The flex input file consists of three sections, separated by a line with just %% in it:
definitions %% rules %% user code
The definitions section contains declarations of simple name definitions to simplify the scanner specification, and declarations of start conditions.
Name definitions have the form:
name definition
The ``name'' is a word beginning with a letter or an underscore ('_') followed by zero or more letters, digits, '_', or '-' (dash). The definition is taken to begin at the first non-white-space character following the name and continuing to the end of the line. The definition can subsequently be referred to using ``name'', which will expand to ``(definition)''
For example,
DIGIT [0-9] INTEGER {DIGIT}+ ID [[:alnum:]._/]* STRING [[:alnum:][:print:]]*
This definitions are taken from Flex input file written for the Controller, the Generator and the Validator modules. DIGIT is a regular expression that matches a single digit. INTEGER matches all integer values, ID matches all strings of chars that consists of alphanumeric characters or '.', '_', or '/'.

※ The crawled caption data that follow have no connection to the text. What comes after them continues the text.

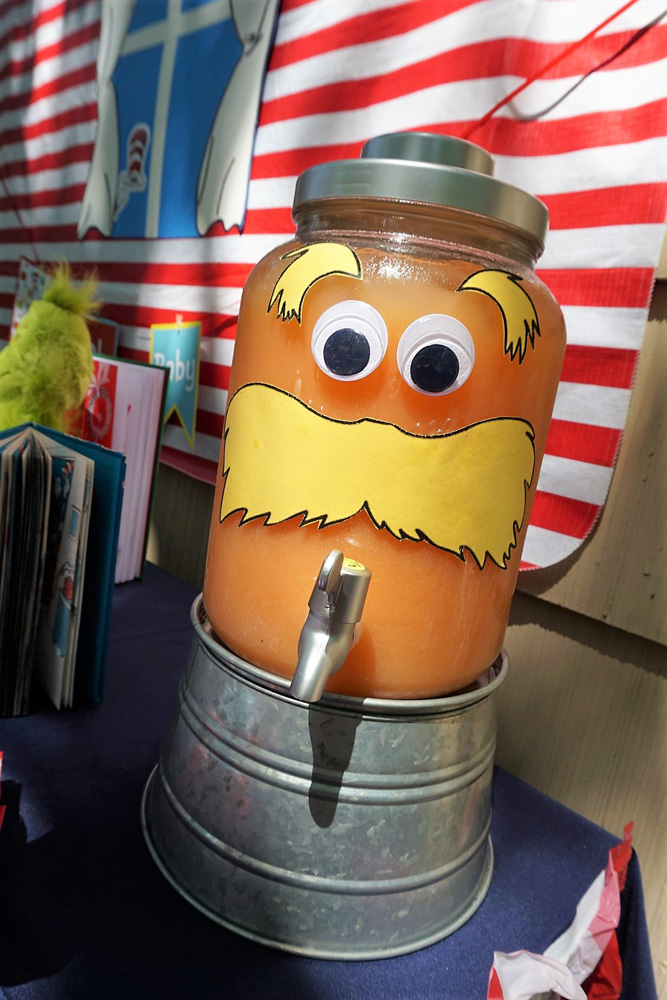  Turn your drink container into the Lorax for a Dr. Seuss themed party 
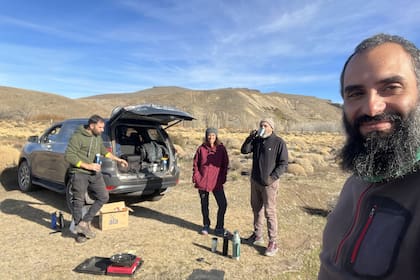 El equipo de Hambre de Futuro durante un almuerzo improvisado en la desolación de la meseta chubutense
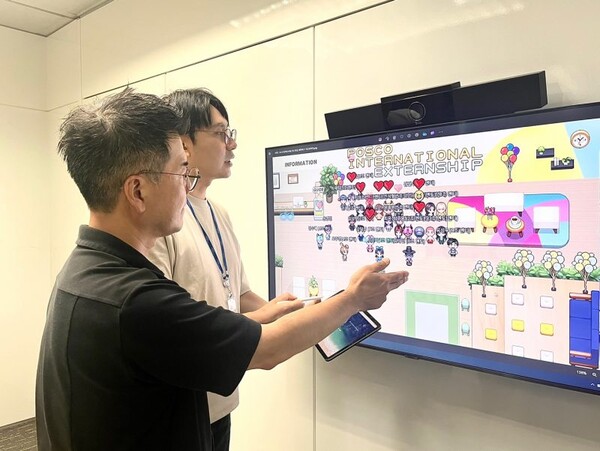 포스코인터내셔널 익스턴십 참가자들에게 사내멘토들이 메타버스 미팅을 통해 커리어과제 피드백을 하고 있다.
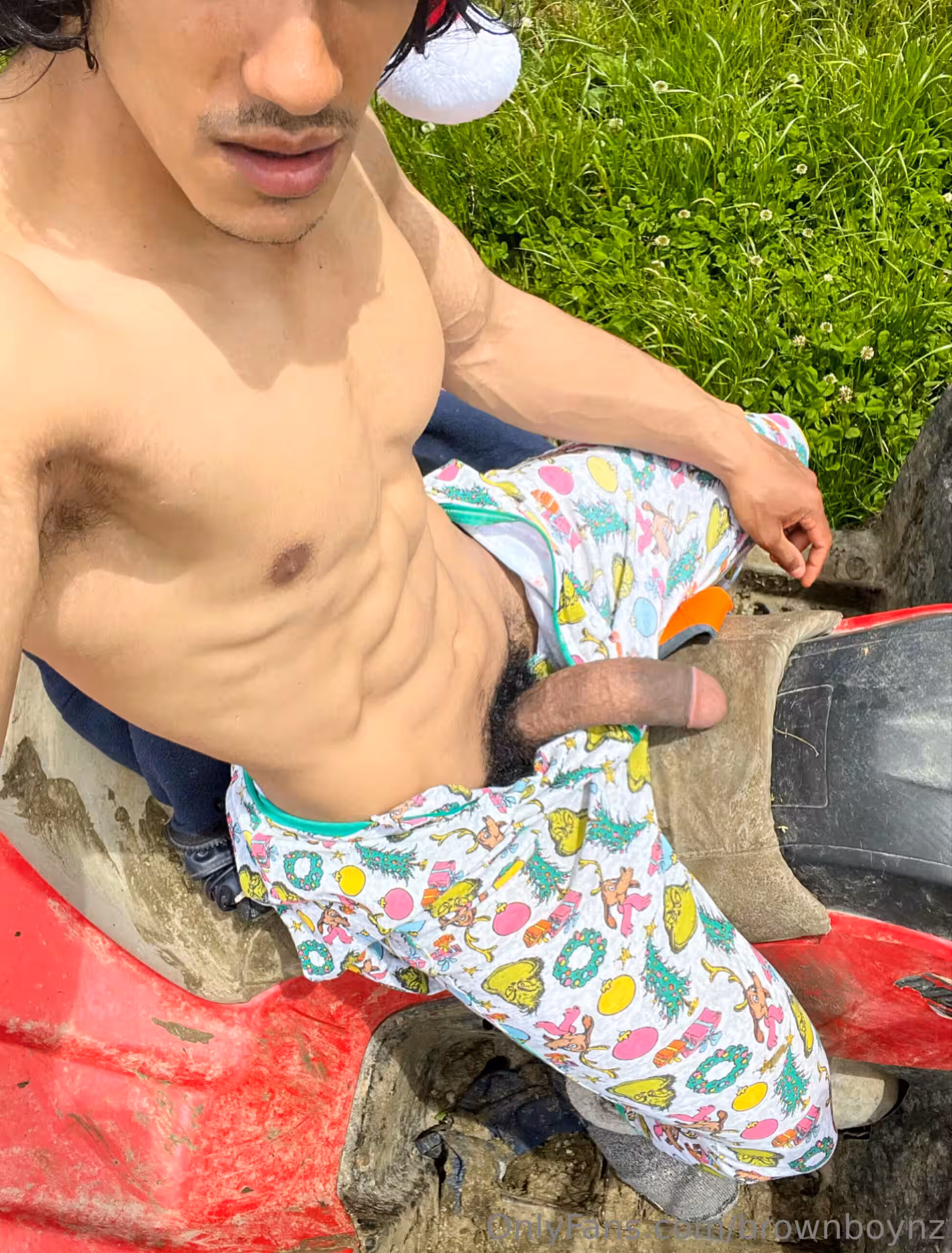 kiwi brownboyfitt onlyfans nudes
1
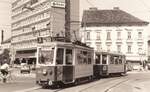 Scan vom SW - Negativ: Straßenbahnalltag in Graz in den 1980er Jahren, Tw.206 + 339B der Linie 3 überqueren auf der Fahrt zur Krenngasse den Dietrichsteinplatz. (28.06.1984)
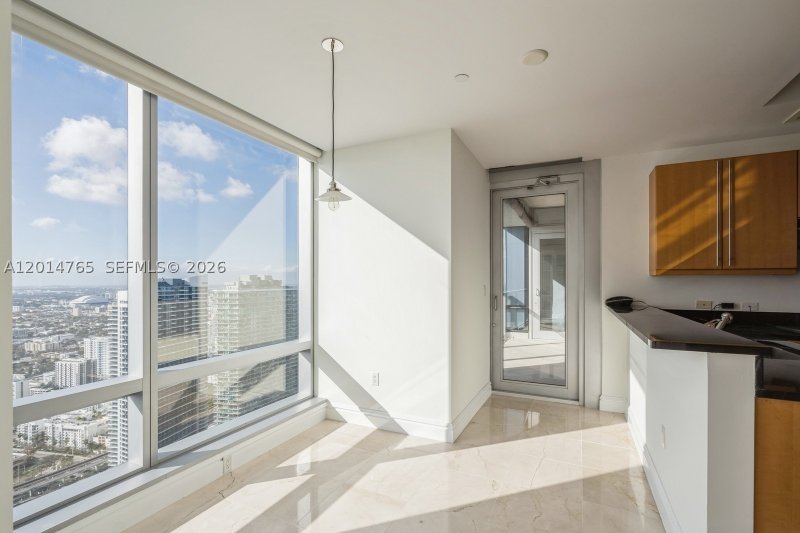 Alquiler de apartamento en Four Seasons Millenium Tower I 57B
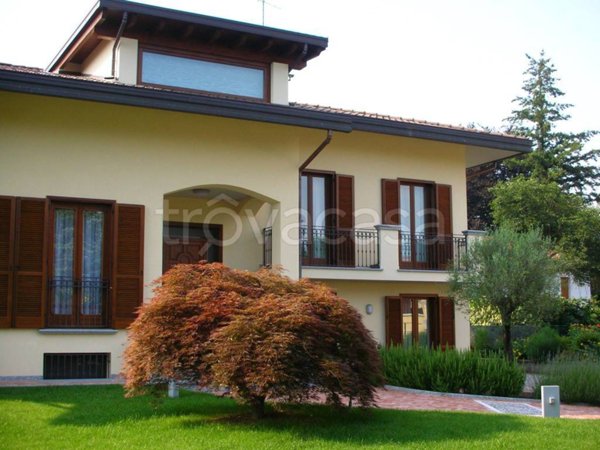 casa indipendente in vendita a Vergiate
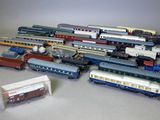 un grand nombre de trains miniatures posés sur une table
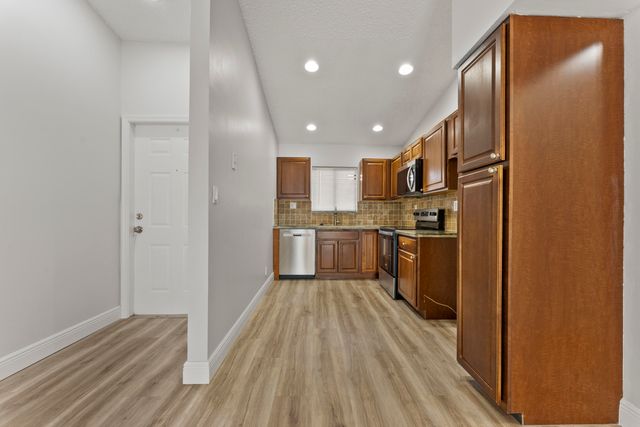 2900 Olivewood Terrace 201, Boca Raton, FL 33431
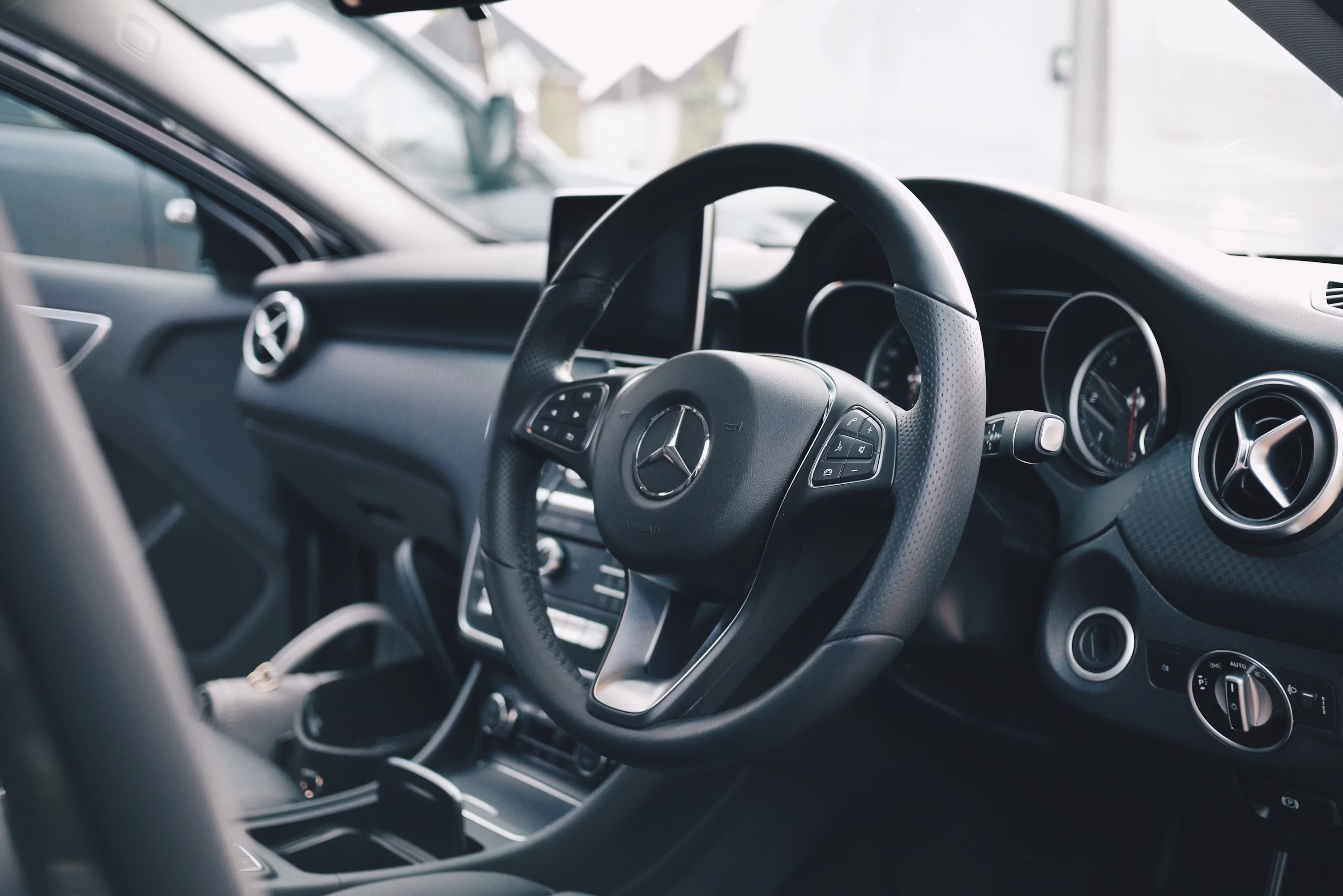 Shaken-maintained Japanese used car bi-annual roadworthiness inspection passed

The rules section of the flex input contains a series of rules of the form:
pattern action
Where the pattern must be unindented and the action must begin on the same line. The patterns in the input are written using an extended set of regular expressions. It could be one of the definitions, or any combination of them. There are also special patterns, they are described with details in [15,12].
Actions are just a C language code, which will be executed when the given patterns are matched.
Finally, the user code section is simply copied to lex.yy.c verbatim. It is used for companion routines which call or are called by the scanner. The presence of this section is optional; if it is missing, the second %% in the input file may be skipped, too.
When the generated scanner is run, it analyzes its input looking for strings which match any of its patterns. If it finds more than one match, it takes the one matching the most text (for trailing context rules, this includes the length of the trailing part, even though it will then be returned to the input). If it finds two or more matches of the same length, the rule listed first in the flex input file is chosen.
Once the match is determined, the text corresponding to the match (called the token) is made available in the global character pointer yytext, and its length in the global integer yyleng. The action corresponding to the matched pattern is then executed, and then the remaining input is scanned for another match.
The input file for Flex to generate a scanner for Controller, Generator and Validator is given in Appendix E.